舒錦兒扯著嗓子大喊,不知是對空氣發洩,還是對外面的守衛。事實上,外面的守衛都睡著了,只有裡面兩個站崗的。

男人回眸瞪著她,“吼什麼,再吼割了你們的舌頭!”

呃?

舒錦兒立刻閉嘴,吐了吐舌頭,“混蛋,一點同情心都沒有!”

“別鬧。”雷斯輕揉著她的頭髮,手掌貼在她的小腹上,“別讓人知道你懷孕!”

舒錦兒擦拭著雷斯的手臂認真點頭,“嗯。我會好好保護她!”

這個孩子來之不易,她就是死也要護著寶寶。

噢,不對不對,她死了還怎麼生下寶寶?

門突地卡拉一下開啟,守衛突地對著門口舉起槍!

待看清來人,兩個守衛忙上去行了一個大禮。剛要開口,被light身後的兩個保鏢止住。

Light的小皮鞋磕著地皮,無聊的向四周掃了一眼。

這裡地方很大,每個牢房中間隔著一段距離才是另一間牢房,裡面都鋪著一個草蓆。旁邊放著一個馬桶。

犯人只有零星幾個。

Light抽了抽鼻頭,對潮溼的氣味過敏,打了個噴嚏。

保鏢不敢多言,小門主半夜不睡覺,把他們扒起來,說要溜達,溜達溜達就溜到了這裡。

這個牢房不是關重要犯人的地方。

小門主為什麼非要進來,他們搞不清。

Light的心思很難猜。做事和思維出其不意,從不露破綻。

他要幹什麼,在想什麼沒人知道。

Light捂著鼻子走下階梯,撩眉掃過東面的牢房。西邊的比較靠裡,中間還隔著一個大柱子。所以,一眼望去,看不到什麼。而舒錦兒和雷斯正好在西邊最裡角的一個牢房裡。外帶還拐了一個彎。可以說,他們住的牢房很隱蔽。

Light轉身到西邊,保鏢勸道,“小門主,這裡又髒又臭,容易生病。上去吧。”

“沒事。”light執意要去西面看看。

他捂著鼻子,像個巡邏的將軍一樣,一個個檢視。

一對兒男女擁著彼此的身影落入眼眸。

Light站在牢門口。

但見女人正靠在男人懷裡沉沉睡著。男人眯著眼,似乎也很疲倦。但一隻手牢牢握著女人的手,另一隻手搭在她的小腹上。
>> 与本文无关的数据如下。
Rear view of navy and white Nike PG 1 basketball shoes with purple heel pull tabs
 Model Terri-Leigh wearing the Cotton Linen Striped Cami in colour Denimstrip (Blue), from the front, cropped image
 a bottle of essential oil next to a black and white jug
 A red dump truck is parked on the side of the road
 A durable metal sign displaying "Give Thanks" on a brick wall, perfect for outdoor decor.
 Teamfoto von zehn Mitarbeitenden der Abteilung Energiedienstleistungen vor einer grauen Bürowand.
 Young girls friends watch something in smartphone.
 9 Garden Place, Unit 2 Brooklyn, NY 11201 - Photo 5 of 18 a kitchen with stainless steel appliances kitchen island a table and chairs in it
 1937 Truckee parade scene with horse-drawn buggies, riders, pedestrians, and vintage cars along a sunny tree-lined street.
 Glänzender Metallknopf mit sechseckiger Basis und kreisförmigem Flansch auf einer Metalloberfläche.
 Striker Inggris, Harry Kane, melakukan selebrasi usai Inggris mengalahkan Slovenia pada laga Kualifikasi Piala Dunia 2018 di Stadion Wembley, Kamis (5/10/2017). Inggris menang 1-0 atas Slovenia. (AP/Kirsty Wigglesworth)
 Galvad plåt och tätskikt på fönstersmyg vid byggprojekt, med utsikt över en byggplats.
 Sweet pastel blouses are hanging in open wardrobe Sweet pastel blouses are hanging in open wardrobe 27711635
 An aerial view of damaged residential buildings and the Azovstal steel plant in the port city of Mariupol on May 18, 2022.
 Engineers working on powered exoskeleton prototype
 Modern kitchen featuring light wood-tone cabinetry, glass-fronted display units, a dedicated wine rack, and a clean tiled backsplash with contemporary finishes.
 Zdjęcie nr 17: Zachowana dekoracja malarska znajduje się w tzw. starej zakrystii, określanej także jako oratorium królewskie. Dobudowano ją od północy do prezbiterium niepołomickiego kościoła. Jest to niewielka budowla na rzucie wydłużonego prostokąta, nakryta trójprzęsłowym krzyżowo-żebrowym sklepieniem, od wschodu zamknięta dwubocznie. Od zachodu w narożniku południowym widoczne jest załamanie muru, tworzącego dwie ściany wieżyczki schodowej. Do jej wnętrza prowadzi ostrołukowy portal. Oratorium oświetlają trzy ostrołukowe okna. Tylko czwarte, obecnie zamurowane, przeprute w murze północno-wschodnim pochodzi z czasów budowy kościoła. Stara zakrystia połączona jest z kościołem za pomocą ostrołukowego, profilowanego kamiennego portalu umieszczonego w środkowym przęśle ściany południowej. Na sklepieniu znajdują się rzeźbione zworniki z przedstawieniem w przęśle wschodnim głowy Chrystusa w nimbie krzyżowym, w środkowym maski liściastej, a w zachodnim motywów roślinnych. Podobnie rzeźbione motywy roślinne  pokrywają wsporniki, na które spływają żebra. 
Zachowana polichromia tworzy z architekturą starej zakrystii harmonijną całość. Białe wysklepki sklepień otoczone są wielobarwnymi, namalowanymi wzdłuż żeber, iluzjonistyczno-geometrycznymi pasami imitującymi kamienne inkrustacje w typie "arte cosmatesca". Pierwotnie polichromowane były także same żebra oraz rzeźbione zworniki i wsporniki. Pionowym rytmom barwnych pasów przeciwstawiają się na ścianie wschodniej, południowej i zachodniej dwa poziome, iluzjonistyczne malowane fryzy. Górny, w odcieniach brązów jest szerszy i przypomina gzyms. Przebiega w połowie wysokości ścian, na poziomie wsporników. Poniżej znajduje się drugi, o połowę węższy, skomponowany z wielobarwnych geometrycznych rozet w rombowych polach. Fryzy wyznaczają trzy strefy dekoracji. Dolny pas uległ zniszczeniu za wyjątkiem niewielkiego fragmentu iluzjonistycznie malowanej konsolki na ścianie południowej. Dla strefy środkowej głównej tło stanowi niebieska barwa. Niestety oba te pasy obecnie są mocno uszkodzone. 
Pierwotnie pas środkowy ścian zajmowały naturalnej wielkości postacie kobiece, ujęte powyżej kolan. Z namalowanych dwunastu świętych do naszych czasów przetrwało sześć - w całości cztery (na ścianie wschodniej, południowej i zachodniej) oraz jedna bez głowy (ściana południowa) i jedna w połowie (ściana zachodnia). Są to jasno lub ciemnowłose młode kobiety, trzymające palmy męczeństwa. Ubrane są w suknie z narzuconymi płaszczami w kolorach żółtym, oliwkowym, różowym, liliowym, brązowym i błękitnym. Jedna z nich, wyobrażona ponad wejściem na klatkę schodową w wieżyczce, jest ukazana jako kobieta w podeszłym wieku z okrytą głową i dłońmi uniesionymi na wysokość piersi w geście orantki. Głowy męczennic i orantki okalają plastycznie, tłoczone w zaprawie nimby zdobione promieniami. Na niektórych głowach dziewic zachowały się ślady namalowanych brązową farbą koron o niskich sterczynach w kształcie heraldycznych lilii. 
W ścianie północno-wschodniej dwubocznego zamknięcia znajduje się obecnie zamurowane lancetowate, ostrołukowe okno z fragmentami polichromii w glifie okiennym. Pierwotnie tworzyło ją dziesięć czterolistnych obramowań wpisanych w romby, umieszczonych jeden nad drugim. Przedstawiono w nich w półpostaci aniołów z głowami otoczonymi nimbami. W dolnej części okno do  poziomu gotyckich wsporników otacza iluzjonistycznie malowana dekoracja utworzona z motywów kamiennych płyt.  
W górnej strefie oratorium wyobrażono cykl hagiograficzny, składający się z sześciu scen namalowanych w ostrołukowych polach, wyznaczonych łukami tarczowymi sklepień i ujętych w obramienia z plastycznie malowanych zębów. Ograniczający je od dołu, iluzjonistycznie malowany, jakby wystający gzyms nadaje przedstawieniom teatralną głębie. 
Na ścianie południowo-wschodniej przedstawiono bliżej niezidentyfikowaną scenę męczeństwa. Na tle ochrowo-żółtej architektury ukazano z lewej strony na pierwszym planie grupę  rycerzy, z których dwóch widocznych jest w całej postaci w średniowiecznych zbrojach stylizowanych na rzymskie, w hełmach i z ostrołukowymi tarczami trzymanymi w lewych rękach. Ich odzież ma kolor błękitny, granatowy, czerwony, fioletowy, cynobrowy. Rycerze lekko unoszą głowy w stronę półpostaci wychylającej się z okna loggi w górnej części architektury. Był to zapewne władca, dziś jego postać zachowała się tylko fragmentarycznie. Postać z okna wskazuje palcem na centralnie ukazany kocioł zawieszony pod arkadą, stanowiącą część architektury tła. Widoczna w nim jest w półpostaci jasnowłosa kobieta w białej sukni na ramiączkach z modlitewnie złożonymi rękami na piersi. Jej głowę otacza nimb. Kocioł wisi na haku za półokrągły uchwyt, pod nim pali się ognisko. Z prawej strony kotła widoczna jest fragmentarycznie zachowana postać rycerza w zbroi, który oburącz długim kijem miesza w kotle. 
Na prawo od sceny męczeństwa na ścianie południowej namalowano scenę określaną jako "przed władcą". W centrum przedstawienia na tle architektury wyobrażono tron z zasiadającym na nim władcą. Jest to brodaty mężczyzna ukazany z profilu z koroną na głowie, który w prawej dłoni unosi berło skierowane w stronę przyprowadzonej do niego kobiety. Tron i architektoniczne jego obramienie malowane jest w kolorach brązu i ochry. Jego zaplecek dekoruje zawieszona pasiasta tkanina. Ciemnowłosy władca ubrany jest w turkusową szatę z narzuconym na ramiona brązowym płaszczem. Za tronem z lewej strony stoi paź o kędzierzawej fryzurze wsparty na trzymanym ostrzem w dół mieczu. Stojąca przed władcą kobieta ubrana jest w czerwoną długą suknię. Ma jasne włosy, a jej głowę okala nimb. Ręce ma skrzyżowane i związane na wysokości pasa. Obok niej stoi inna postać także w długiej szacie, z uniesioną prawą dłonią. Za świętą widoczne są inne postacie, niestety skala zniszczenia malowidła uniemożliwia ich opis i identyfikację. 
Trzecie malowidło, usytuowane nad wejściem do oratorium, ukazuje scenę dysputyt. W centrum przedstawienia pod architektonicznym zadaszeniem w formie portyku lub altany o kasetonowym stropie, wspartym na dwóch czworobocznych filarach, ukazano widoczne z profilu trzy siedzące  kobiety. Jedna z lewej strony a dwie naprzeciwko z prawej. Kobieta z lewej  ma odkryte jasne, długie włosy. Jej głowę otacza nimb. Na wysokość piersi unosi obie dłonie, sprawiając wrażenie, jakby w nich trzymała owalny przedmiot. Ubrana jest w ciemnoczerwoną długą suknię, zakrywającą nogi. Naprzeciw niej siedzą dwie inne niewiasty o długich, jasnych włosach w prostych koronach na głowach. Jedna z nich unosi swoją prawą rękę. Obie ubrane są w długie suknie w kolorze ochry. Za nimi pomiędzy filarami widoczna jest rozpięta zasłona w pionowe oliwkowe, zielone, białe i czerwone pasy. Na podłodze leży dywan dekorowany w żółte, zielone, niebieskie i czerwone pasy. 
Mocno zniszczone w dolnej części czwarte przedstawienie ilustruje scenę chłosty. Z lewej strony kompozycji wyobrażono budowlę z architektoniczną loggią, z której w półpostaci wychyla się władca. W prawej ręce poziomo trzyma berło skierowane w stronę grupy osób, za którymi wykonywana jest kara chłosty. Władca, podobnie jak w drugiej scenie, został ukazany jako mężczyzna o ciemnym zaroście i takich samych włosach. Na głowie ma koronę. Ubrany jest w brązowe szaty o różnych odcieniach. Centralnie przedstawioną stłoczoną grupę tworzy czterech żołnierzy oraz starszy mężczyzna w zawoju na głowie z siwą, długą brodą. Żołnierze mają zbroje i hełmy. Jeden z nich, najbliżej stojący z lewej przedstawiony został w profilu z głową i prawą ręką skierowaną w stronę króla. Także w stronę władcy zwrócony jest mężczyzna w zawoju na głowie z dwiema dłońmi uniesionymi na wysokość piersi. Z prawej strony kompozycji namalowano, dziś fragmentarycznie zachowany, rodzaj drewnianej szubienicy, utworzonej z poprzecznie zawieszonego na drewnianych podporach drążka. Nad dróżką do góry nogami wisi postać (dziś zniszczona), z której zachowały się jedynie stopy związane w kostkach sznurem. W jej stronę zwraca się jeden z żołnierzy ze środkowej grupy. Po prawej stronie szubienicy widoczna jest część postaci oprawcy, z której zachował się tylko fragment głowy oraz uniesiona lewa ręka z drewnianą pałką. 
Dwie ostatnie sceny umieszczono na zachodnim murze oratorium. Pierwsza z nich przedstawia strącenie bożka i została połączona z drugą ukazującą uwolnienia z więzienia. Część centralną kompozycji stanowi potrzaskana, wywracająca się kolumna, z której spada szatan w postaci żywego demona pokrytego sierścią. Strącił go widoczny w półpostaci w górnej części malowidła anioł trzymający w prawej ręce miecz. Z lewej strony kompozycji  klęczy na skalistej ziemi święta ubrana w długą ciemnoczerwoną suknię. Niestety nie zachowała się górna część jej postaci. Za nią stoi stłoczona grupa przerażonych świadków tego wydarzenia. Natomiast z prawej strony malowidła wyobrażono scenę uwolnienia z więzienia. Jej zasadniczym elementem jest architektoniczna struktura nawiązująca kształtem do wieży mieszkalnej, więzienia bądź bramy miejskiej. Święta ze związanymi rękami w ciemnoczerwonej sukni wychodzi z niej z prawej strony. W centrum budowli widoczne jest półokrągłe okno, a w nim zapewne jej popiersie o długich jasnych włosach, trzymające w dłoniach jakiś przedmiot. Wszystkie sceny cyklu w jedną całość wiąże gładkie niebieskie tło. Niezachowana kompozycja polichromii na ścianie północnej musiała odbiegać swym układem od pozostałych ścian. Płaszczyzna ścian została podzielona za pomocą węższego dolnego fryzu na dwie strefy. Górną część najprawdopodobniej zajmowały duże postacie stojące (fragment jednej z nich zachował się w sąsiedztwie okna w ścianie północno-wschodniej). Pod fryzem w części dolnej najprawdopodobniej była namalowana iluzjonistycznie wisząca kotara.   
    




Light叫人開啟輕點開啟牢門。緩緩靠近舒錦兒,嘴角揚了揚。小手捏起一根草,抖在舒錦兒的鼻孔間。

“唔,癢……”舒錦兒抬手開啟。

Light不喜歡捉弄人,但今天真的很無聊耶。而且還碰到了笨笨二媽……所以玩意興起。